** Opening RECORD EXCERPTS block **

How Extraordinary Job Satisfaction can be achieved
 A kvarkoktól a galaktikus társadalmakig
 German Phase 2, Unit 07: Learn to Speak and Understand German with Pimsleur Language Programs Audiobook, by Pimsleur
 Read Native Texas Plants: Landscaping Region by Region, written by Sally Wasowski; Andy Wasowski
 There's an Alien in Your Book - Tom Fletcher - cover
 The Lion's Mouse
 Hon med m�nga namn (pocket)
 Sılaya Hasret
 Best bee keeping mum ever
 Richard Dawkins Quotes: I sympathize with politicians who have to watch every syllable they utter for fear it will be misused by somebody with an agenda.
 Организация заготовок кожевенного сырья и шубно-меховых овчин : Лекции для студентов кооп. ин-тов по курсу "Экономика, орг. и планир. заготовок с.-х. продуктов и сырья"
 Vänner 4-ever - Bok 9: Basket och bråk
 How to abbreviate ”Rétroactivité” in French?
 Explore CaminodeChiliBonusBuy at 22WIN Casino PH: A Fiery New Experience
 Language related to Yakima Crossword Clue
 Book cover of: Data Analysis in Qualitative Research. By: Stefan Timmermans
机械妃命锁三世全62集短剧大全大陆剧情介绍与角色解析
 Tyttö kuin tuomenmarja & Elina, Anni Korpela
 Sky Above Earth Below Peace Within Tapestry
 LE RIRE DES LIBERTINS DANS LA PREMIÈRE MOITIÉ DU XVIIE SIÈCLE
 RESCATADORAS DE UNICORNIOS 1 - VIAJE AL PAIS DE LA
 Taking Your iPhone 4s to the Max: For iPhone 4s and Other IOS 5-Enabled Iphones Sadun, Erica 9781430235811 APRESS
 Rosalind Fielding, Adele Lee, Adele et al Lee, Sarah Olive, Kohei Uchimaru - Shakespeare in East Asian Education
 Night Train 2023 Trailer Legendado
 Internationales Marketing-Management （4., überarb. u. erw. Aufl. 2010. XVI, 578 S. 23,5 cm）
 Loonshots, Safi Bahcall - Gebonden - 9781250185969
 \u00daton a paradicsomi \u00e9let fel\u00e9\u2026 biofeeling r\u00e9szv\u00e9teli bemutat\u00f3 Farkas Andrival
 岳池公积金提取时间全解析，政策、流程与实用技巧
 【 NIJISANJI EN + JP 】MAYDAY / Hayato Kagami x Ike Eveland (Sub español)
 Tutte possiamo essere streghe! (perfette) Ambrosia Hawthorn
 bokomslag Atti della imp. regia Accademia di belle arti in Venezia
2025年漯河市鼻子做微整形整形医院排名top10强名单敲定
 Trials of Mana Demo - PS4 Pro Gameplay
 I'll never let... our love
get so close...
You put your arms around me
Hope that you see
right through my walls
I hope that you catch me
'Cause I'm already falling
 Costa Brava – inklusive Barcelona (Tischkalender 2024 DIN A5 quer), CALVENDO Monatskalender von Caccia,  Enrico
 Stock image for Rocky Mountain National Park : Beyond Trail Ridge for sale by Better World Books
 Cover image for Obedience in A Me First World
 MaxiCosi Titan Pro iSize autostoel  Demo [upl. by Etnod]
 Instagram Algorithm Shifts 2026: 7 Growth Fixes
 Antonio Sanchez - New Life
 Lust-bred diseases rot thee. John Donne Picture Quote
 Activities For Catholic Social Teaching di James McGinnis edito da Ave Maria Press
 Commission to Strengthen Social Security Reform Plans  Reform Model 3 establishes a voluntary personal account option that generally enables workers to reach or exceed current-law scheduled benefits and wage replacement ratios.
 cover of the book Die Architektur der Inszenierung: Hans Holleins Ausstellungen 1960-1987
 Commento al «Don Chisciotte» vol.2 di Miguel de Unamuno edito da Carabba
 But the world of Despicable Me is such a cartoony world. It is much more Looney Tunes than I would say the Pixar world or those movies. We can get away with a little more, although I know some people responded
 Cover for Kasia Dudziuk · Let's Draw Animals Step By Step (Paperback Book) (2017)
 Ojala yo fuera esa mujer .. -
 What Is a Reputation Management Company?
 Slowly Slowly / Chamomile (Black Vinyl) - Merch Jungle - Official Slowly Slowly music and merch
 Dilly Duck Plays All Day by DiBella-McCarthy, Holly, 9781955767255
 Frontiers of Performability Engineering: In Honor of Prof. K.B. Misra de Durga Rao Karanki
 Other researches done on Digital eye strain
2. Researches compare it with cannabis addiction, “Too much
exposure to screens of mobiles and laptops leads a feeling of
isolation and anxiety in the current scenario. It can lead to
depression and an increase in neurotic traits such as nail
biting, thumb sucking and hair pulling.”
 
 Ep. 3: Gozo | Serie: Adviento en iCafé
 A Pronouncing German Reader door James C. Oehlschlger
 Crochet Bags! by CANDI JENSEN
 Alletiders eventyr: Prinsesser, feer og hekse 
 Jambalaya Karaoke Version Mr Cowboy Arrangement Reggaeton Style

** Closing RECORD EXCERPTS block **

▶ **PROBLEM REQUIREMENTS**: Output all preceding records character for character.

▶ **RESULT OF THE TASK**:
How Extraordinary Job Satisfaction can be achieved
 A kvarkoktól a galaktikus társadalmakig
 German Phase 2, Unit 07: Learn to Speak and Understand German with Pimsleur Language Programs Audiobook, by Pimsleur
 Read Native Texas Plants: Landscaping Region by Region, written by Sally Wasowski; Andy Wasowski
 There's an Alien in Your Book - Tom Fletcher - cover
 The Lion's Mouse
 Hon med m�nga namn (pocket)
 Sılaya Hasret
 Best bee keeping mum ever
 Richard Dawkins Quotes: I sympathize with politicians who have to watch every syllable they utter for fear it will be misused by somebody with an agenda.
 Организация заготовок кожевенного сырья и шубно-меховых овчин : Лекции для студентов кооп. ин-тов по курсу "Экономика, орг. и планир. заготовок с.-х. продуктов и сырья"
 Vänner 4-ever - Bok 9: Basket och bråk
 How to abbreviate ”Rétroactivité” in French?
 Explore CaminodeChiliBonusBuy at 22WIN Casino PH: A Fiery New Experience
 Language related to Yakima Crossword Clue
 Book cover of: Data Analysis in Qualitative Research. By: Stefan Timmermans
机械妃命锁三世全62集短剧大全大陆剧情介绍与角色解析
 Tyttö kuin tuomenmarja & Elina, Anni Korpela
 Sky Above Earth Below Peace Within Tapestry
 LE RIRE DES LIBERTINS DANS LA PREMIÈRE MOITIÉ DU XVIIE SIÈCLE
 RESCATADORAS DE UNICORNIOS 1 - VIAJE AL PAIS DE LA
 Taking Your iPhone 4s to the Max: For iPhone 4s and Other IOS 5-Enabled Iphones Sadun, Erica 9781430235811 APRESS
 Rosalind Fielding, Adele Lee, Adele et al Lee, Sarah Olive, Kohei Uchimaru - Shakespeare in East Asian Education
 Night Train 2023 Trailer Legendado
 Internationales Marketing-Management （4., überarb. u. erw. Aufl. 2010. XVI, 578 S. 23,5 cm）
 Loonshots, Safi Bahcall - Gebonden - 9781250185969
 \u00daton a paradicsomi \u00e9let fel\u00e9\u2026 biofeeling r\u00e9szv\u00e9teli bemutat\u00f3 Farkas Andrival
 岳池公积金提取时间全解析，政策、流程与实用技巧
 【 NIJISANJI EN + JP 】MAYDAY / Hayato Kagami x Ike Eveland (Sub español)
 Tutte possiamo essere streghe! (perfette) Ambrosia Hawthorn
 bokomslag Atti della imp. regia Accademia di belle arti in Venezia
2025年漯河市鼻子做微整形整形医院排名top10强名单敲定
 Trials of Mana Demo - PS4 Pro Gameplay
 I'll never let... our love
get so close...
You put your arms around me
Hope that you see
right through my walls
I hope that you catch me
'Cause I'm already falling
 Costa Brava – inklusive Barcelona (Tischkalender 2024 DIN A5 quer), CALVENDO Monatskalender von Caccia,  Enrico
 Stock image for Rocky Mountain National Park : Beyond Trail Ridge for sale by Better World Books
 Cover image for Obedience in A Me First World
 MaxiCosi Titan Pro iSize autostoel  Demo [upl. by Etnod]
 Instagram Algorithm Shifts 2026: 7 Growth Fixes
 Antonio Sanchez - New Life
 Lust-bred diseases rot thee. John Donne Picture Quote
 Activities For Catholic Social Teaching di James McGinnis edito da Ave Maria Press
 Commission to Strengthen Social Security Reform Plans  Reform Model 3 establishes a voluntary personal account option that generally enables workers to reach or exceed current-law scheduled benefits and wage replacement ratios.
 cover of the book Die Architektur der Inszenierung: Hans Holleins Ausstellungen 1960-1987
 Commento al «Don Chisciotte» vol.2 di Miguel de Unamuno edito da Carabba
 But the world of Despicable Me is such a cartoony world. It is much more Looney Tunes than I would say the Pixar world or those movies. We can get away with a little more, although I know some people responded
 Cover for Kasia Dudziuk · Let's Draw Animals Step By Step (Paperback Book) (2017)
 Ojala yo fuera esa mujer .. -
 What Is a Reputation Management Company?
 Slowly Slowly / Chamomile (Black Vinyl) - Merch Jungle - Official Slowly Slowly music and merch
 Dilly Duck Plays All Day by DiBella-McCarthy, Holly, 9781955767255
 Frontiers of Performability Engineering: In Honor of Prof. K.B. Misra de Durga Rao Karanki
 Other researches done on Digital eye strain
2. Researches compare it with cannabis addiction, “Too much
exposure to screens of mobiles and laptops leads a feeling of
isolation and anxiety in the current scenario. It can lead to
depression and an increase in neurotic traits such as nail
biting, thumb sucking and hair pulling.”
 
 Ep. 3: Gozo | Serie: Adviento en iCafé
 A Pronouncing German Reader door James C. Oehlschlger
 Crochet Bags! by CANDI JENSEN
 Alletiders eventyr: Prinsesser, feer og hekse 
 Jambalaya Karaoke Version Mr Cowboy Arrangement Reggaeton Style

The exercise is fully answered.